National Qualifications Frameworks and the Dual Model of Vocational Training in International Cooperation
Edited By Markus Maurer and Philipp Gonon
Bringing together contributions from authors involved in both the theory and practice of vocational skills training development, this volume analyses the challenges that are tied to the transfer of these two dominant models in the context of international cooperation, sheds light on how they are being implemented, and discusses alternatives to the standard approaches to policy transfer.

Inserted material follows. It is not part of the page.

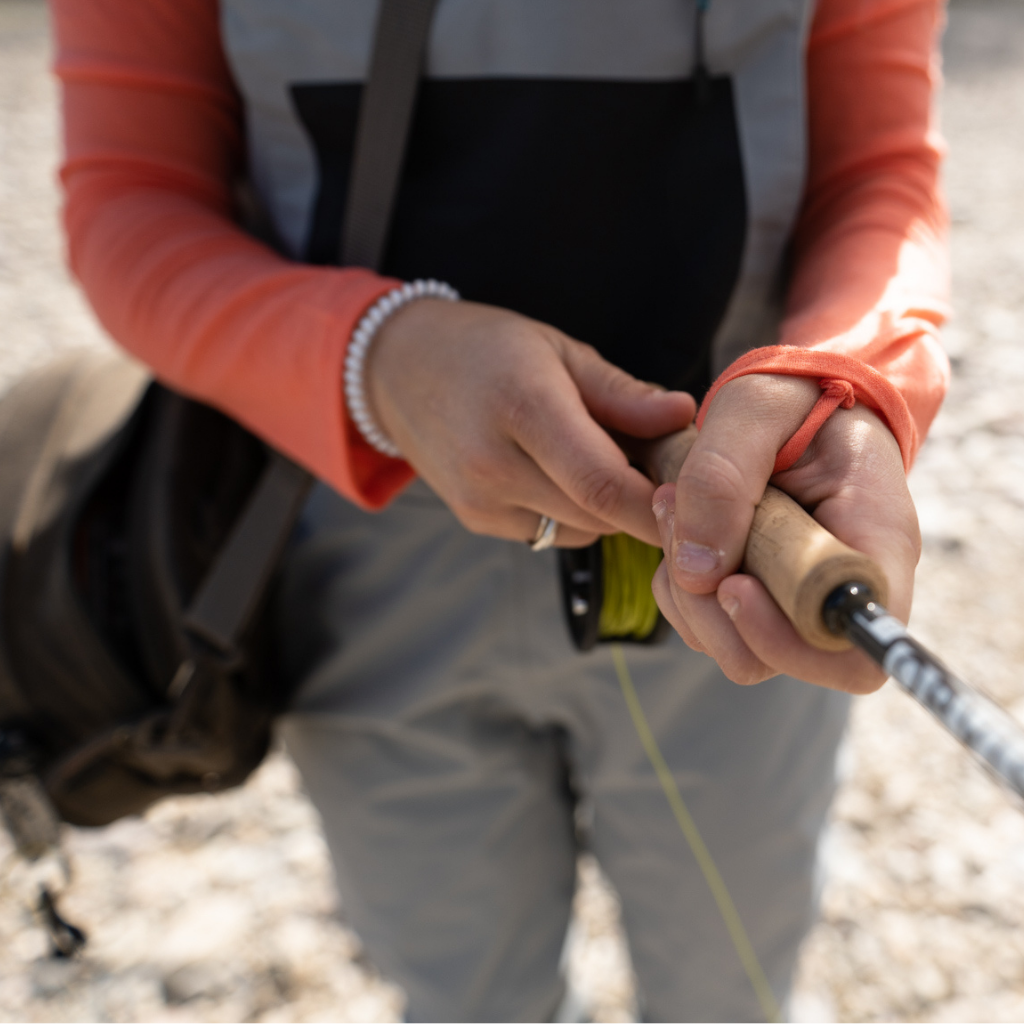 Women's Nuyarn® Merino Lightweight Hoodie on model fly fishing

The transfer of dual vocational training: Experiences from German development cooperation: Reinhard Stockmann
The transfer of dual vocational training: Experiences from German development cooperation
Dual vocational training is a successful model, considered to offer many positive outcomes. A few of these (though not all) are examined here: low youth unemployment, transference of high levels of expertise, strong practice-orientation, reduced state spending on education, a socially accepted alternative to academic training, a clearly-structured system of training (proven to be flexible and adaptable, even in times of crisis), etc.
It is not surprising that other countries with differently organised vocational training, such as full-time schooling or on-the-job training schemes, have long shown an interest in the dual training system model, considering its numerous beneficial features. As a consequence, for decades now, the introduction of ‘dual’ or ‘cooperative’ system elements, and even the transfer of the dual system in its entirety, have been part of the portfolio of German and Swiss efforts to promote vocational training.